Wenn man Schichten zweier geeignete Isolatoren aufeinanderpackt, entwickelt das Material an den Grenzflächen
oben und unten erstaunlicherweise metallische Eigenschaften und leitet elektrischen Strom. „Das ist für uns
von großer Bedeutung: Dadurch kann man oben und unten die elektrischen Ladungsträger sehr einfach ableiten
und Strom fließen lassen“, sagt Karsten Held. Bei herkömmlichen Solarzellen aus Silizium muss man leitende
Drähte aus Metall anbringen, um den Strom abzuführen – dadurch versperrt man aber einem Teil des Sonnenlichts
den Weg ins Innere der Solarzelle.
Nicht alle Photonen werden von einer Solarzelle gleich effizient in elektrischen Strom umgewandelt. Für unterschiedliche
Lichtfarben sind jeweils unterschiedliche Materialien besonders gut geeignet. „Bei den Oxid-Heterostrukturen kann
man passende Eigenschaften erzielen, indem man geeignete chemische Elemente auswählt“, erklärt Prof.
Peter Blaha vom Institut für Materialchemie. In den Simulationsrechnungen analysierte das Team Oxid-Schichten
mit Lanthan und Vanadium, weil die dadurch aufgebauten Materialien besonders gut zur Strahlung der Sonne passen.
„Es ist sogar möglich, verschiedene Schichttypen zu kombinieren, sodass unterschiedliche Lichtfarben optimal
in unterschiedlichen Materialschichten in Strom verwandelt werden können“, sagt Elias Assmann.

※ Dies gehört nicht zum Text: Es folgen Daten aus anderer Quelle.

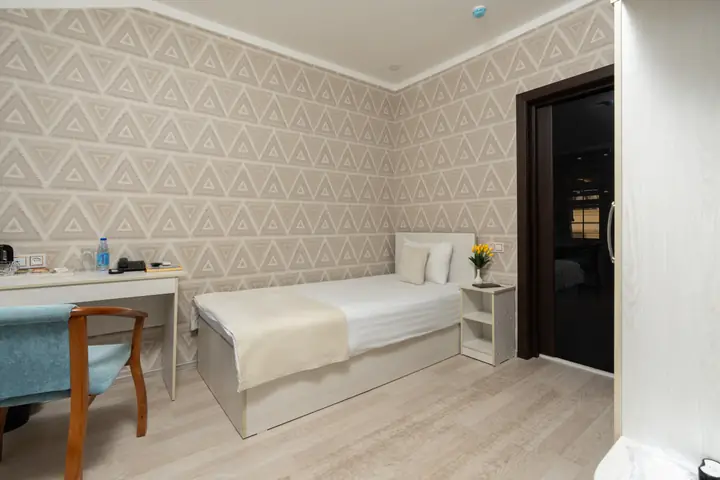 Bir kishilik xona — Shoxjahon Hotel, 8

Nächster Schritt: Praxistest
Unterstützt wurde das Team der TU Wien bei den Forschungen von Dr. Satoshi Okamoto vom Oak Ridge National
Laboratory in Tennessee (USA) und von Prof. Giorgio Sangiovanni, einem ehemaligen Mitarbeiter der TU Wien, der
nun an der Universität Würzburg forscht. In Würzburg sollen die neuen Solarzellen nun auch gebaut
und getestet werden. „Die Produktion der Solarzellen aus Oxid-Schichten ist aufwändiger als bei herkömmlichen
Solarzellen aus Silizium. Doch zumindest dort, wo besonders hohe Energie-Effizienz oder minimale Dicke gefragt
ist, sollten die neuen Strukturen die bisherigen Silizium-Zellen ersetzen können.“, ist Karsten Held zuversichtlich.